# What the exercise asks
Pictures found in the material must be left out, and every line returned as written.

# Given data
>>>
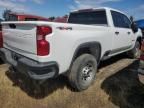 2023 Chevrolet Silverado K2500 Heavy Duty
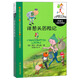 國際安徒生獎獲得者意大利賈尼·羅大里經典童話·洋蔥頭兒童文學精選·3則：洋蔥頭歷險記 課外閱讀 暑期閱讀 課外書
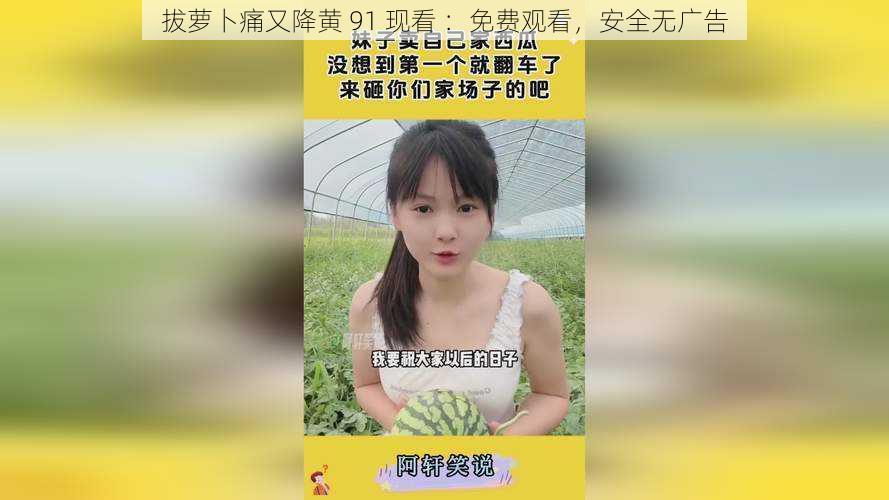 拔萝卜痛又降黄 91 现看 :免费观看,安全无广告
<<<
# Solved problem
 2023 Chevrolet Silverado K2500 Heavy Duty
 國際安徒生獎獲得者意大利賈尼·羅大里經典童話·洋蔥頭兒童文學精選·3則：洋蔥頭歷險記 課外閱讀 暑期閱讀 課外書
 拔萝卜痛又降黄 91 现看 :免费观看,安全无广告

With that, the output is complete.